The moon no longer looks full in the sky. I’ve never studied the phases of the moon, but perhaps I can start. Some cultures have personified the moon as a deity, some God with supernatural abilities. Others have used the moon to help them keep track of time. In fact, the etymology of the English word month stems from the moon and the interval between one new moon and the next. But for me, the moon can be my anchor while I try to figure out what comes next. When I feel lost, I can always look up at the sky and see the moon and understand its phases and perhaps feel its supernatural abilities to help me figure out what might come next. Right now it’s telling me that I need to make another cup of coffee, so that’s what I will do.
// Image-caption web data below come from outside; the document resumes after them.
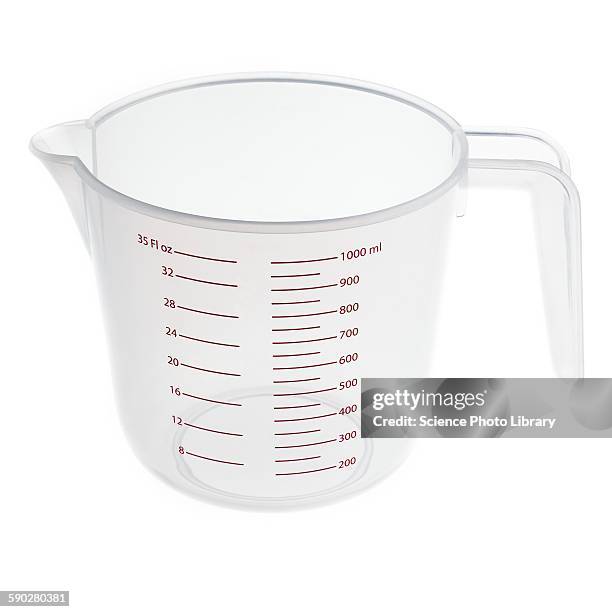 measuring jug - measuring jug stock pictures, royalty-free photos & images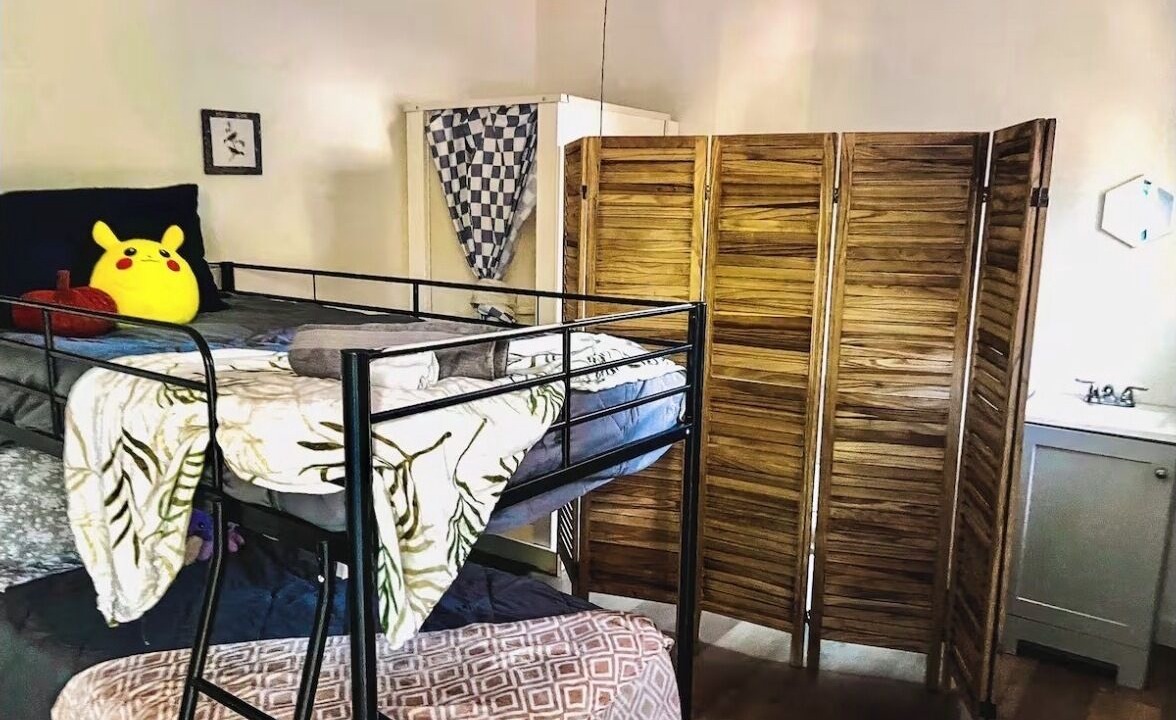 Photo of Bedroom in Sylvan Hills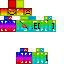 Texture for leo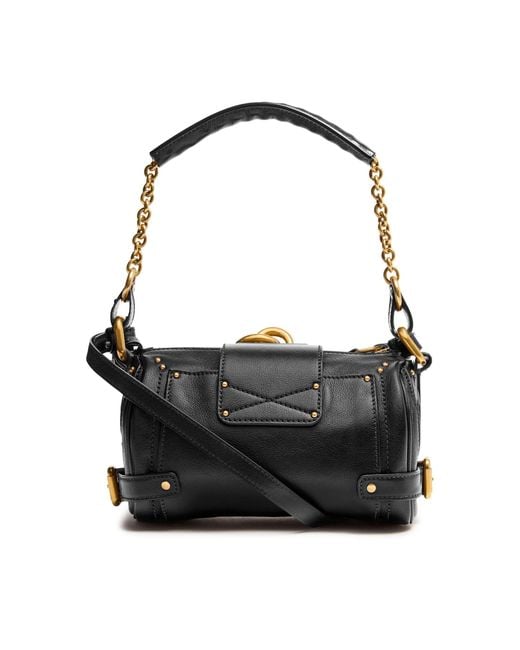 Chloé Black Shoulder Bag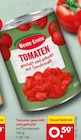 Tomaten geschält und gehackt von Beste Ernte im aktuellen Netto Marken-Discount Prospekt für 0,59 €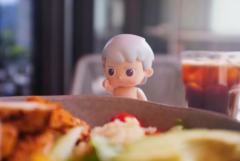 Baby初代-资料图
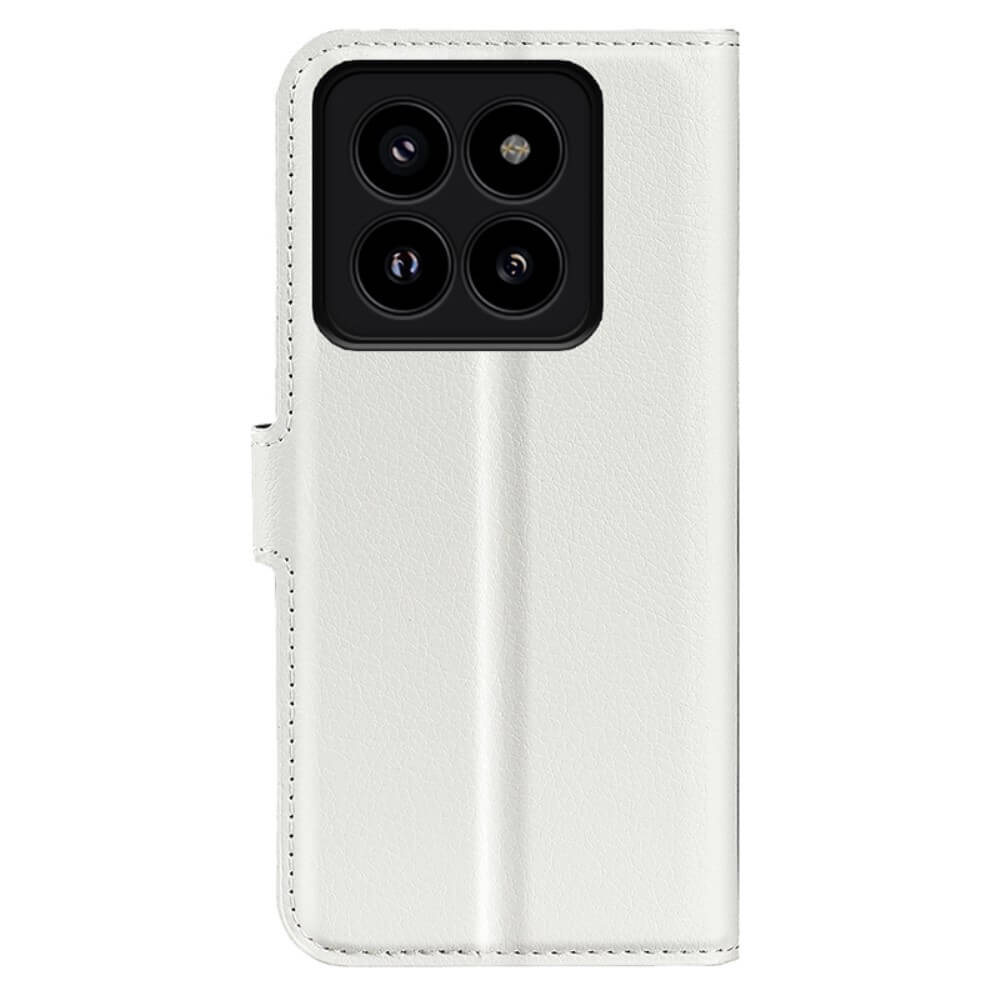 Xiaomi 14 Pro - Coque en similcuir
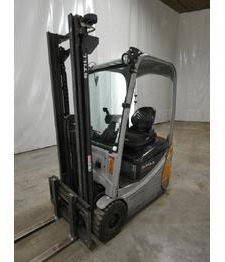 Still RX 50-16 RX50-16 - Carretilla elevadora eléctrica: foto 1 Still RX 50-16 RX50-16 - Carretilla elevadora eléctrica: foto 1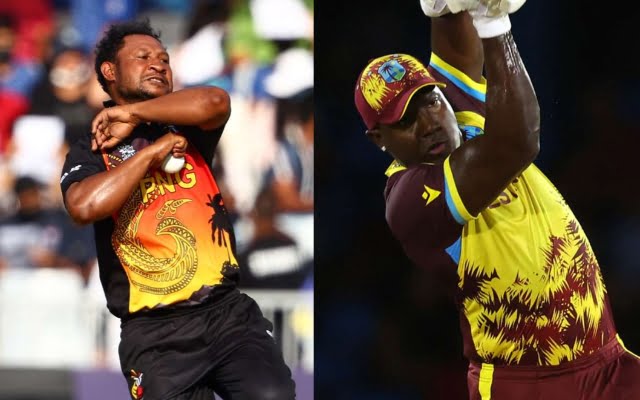 WI vs PNG: Who Will Win Today’s ICC T20 World Cup 2024 Match?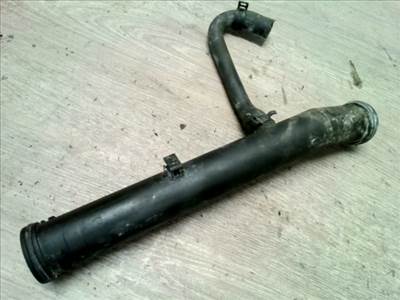 SKODA FABIA 07-10 Vízcső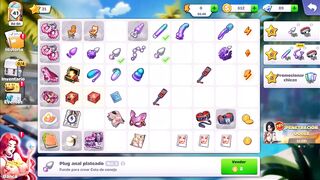 Concupiscent Villa Chapter two - Part 5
The other day I asked a friend if she had read any of my entries on this website, and she said she hadn’t. I told her I wanted to know if it sounded like I hated Montana. “No you don’t,” she said. “You love it.” I have my doubts. The thing is, I don’t think I’ve ever felt love toward any of the places I’ve lived in throughout my life. Settling down in any one place scares me, and I don’t know why. It might be a fear of stasis, of seeing the road ahead and not walking it, of leaving things alone. As much as I have lived my life in fear of so many things, I’m afraid of not moving the most. Every time I move, I discover something new about myself, something that prepares me for my next journey, and it’s that realization that fuels me, that gives life meaning. I understand that not all journeys require a new place to live. I’ve yet to be married or have kids or own a house, things that will take me on new journeys, on new paths of self-discovery, and perhaps that’s where I’m headed. The thing about life is that no one what’s coming next, but the thing about humanity is that we have the power to shape our paths, to forge our own destinies.
I just wish I knew what to do next because I’m not sure. I guess I have to keep walking to find out.